Sans soleil est un documentaire de Chris Marker sorti en 1983, film pour lequel le cinéaste se considérait davantage comme un assembleur, un compositeur, un monteur, que comme un réalisateur.
Evoquant notamment le soleil noir d’Hiroshima, cette œuvre de poésie interroge la capacité humaine à surmonter l’impossible.

En nommant leur essai visuel et sonore Même soleil, le photographe Gaël Bonnefon et le compositeur Frédéric D. Oberland, du collectif Oiseaux-tempête, ne cherchent pas à nier la dimension de catastrophe dans laquelle nous vivons, mais envisagent, dans le démonde advenu, des points de lumière, des échappées, des moments de clandestinité formant les signes et espoirs d’une liberté ultime.
Même sans soleil, même absence de soleil, même soleil impur, même atmosphère de contamination et d’irradiation permanentes.

Le son est grave, tragique, envoûtant, parce que nous sommes morts, parce que nous nous noyons, parce que nous nous effondrons dans la poussière colorée d’un mal indicible.
Une pluie noire a recouvert les villes, où se tiennent encore debout quelques figures, anges exterminateurs, fous de Dieu, saints inébranlables ou quidams chanceux.

On se regroupe, on se cherche des yeux dans le lacrymogène, il y a des frères peut-être de l’autre côté de la rue, il faut marcher.
Il faut prendre la guitare, la brancher à l’ampli, produire des sons et des échos comme on entre en hypnose.

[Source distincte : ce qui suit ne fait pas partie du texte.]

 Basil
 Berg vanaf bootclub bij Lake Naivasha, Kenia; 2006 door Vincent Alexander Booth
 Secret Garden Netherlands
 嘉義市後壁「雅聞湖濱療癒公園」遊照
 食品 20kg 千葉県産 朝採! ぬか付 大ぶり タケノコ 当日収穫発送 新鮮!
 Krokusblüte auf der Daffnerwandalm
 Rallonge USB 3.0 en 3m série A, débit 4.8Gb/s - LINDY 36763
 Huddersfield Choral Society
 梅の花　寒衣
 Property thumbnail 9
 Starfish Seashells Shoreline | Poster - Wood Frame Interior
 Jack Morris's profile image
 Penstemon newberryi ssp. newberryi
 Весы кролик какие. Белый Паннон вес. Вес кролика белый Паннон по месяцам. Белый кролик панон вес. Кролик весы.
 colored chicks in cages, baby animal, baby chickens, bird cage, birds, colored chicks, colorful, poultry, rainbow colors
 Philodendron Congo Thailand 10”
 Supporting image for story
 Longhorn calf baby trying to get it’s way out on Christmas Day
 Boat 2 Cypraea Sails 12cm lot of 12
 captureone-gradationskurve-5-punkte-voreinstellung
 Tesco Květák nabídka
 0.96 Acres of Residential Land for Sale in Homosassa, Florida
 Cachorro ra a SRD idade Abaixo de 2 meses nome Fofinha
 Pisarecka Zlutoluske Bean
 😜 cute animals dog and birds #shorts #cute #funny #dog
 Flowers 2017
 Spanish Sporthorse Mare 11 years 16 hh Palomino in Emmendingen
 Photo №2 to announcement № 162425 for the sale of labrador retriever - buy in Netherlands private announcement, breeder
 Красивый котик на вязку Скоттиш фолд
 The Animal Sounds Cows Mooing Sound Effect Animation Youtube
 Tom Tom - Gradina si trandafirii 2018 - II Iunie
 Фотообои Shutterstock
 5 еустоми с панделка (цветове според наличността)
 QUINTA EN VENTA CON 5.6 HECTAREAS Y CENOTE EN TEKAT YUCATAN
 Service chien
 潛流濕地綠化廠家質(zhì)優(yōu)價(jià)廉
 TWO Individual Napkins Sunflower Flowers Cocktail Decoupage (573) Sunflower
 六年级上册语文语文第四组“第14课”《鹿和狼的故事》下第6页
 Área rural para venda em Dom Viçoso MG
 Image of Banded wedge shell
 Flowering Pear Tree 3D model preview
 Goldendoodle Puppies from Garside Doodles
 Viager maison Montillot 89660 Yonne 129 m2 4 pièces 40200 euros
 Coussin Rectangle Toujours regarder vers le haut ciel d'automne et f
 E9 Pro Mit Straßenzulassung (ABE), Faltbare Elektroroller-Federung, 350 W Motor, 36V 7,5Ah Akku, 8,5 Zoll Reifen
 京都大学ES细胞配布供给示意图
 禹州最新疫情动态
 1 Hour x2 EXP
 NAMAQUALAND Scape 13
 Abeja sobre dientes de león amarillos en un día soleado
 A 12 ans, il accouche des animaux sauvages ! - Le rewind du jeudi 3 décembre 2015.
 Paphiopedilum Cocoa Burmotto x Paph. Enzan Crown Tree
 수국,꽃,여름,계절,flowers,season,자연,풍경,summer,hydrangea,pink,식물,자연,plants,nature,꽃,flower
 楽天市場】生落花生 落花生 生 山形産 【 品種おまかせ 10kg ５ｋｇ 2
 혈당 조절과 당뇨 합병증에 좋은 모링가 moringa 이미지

Visage d’une femme à l’entrée de la grotte où les derniers rescapés se sont réfugiés, c’est une image mentale.
Des ballons dans le ciel, des globules, des âmes.

Tu t’enfuis ou accomplis l’explosion.
Tu t’envoles ou respires ton propre cadavre, à Sarajevo, à Toulouse, à Tokyo.

Tu es pendu mais ne le sais pas encore, l’arbre était si beau.
Ta vie défile.
Des fêtes interdites, des baisers alcoolisés, des sabbats délicieux.
La guitare a la langue râpeuse, et les gosiers sont secs.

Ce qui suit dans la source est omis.